We want to combine these competencies because now all Russian pharmaceuticals deal with generic products. Therefore, the task of accelerating their production is demanded now, not after 5-7 years.
— What are your next steps in applying AI technologies?
— We will train the neural network based on our experience in producing drugs. Unfortunately, we cannot use the data resulting from the creation of these 200 drugs because each development is conducted as a trade secret.
That’s why we need to collect data in collaboration with industrial partners. To do this, the technologist, together with the IT specialist, must go the entire path of creating a medicine, not just a drug. There are many tricks here because the neural network needs to take into account the technical and economic parameters of a particular production. For example, what are the conditions in this production, what raw materials are available.
— How much data do you plan to train the neural network model on?
— This is a trade secret related to our agreements with our industrial partners.
— Approximately when will it be ready?
— The work program has been designed for 3 years with different solutions that will be economically feasible. Nobody needs a RUB 20 million solution that will only reduce production by two weeks. For this amount, you can hire a few more tech experts and somehow speed up or parallelize the process.
We will be able to reveal the technological results of our work within one and a half to two years. During this period, we will develop drugs and collect data.
— When the neural network is ready, how much will it shorten the drug development time compared to your expectations?
— If we talk about generics, we hope for 30-40%. Now the process takes about 15 months, it would be great if we can reduce it to 10 months.
Plus, registration also takes about a year and a half, taking into account the study of the drug’s bioequivalence in patients or healthy volunteers, depending on the type of drug. The Ministry of Health will receive a high-quality dossier, which we hope will contain a minimum of questions during the state examination. This shortens the time it takes to bring the drug to market, and reducing this time by 3-6 months means saving many people’s lives and protecting health.

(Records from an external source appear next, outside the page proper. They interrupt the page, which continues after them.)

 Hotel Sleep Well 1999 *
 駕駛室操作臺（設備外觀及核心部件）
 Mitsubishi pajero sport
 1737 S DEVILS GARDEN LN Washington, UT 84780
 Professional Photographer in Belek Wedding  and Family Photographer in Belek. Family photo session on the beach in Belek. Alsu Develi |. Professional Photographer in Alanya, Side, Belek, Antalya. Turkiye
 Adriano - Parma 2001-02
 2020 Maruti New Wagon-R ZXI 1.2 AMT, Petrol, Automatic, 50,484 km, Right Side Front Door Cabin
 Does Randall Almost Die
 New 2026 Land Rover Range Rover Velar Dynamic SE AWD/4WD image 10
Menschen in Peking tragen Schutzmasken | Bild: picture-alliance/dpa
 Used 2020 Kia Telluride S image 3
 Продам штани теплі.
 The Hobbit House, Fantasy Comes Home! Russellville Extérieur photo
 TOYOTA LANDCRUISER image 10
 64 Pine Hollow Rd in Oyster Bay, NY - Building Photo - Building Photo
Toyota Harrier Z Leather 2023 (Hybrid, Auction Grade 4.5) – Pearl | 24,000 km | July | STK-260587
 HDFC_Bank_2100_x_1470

There are definitely some stages that will be reduced: data collection and analysis. There are also things to do with the accumulation of sample numbers. Here we cannot say whether the neural network will help reduce their number, by how much, and how these changes will affect the overall timing of drug release.
If we imagine, the ideal would be to shorten the process of creating a generic and obtaining the registration file by up to one year. Then patients and the country as a whole will be protected from a significant number of risks. Additionally, this will add competitiveness to our pharmaceutical industry.
— Is there any example of this in the world?
— Currently, there is no industrially applied solution in this field with proven economic impact. I don’t think anyone does this. They just, as a rule, do not shout about such things, they are gradually introduced into their production.
I repeat: Production technologies are the strictest trade secret, a regime of secrecy. Whoever produces new or copied drugs faster and cheaper will gain a good advantage.
– It seems that the time will come when it will be possible to make any generic drugs in Russia within a year, without waiting for drugs from the West?
— Yes, under current conditions, this will be a serious success and a very useful development.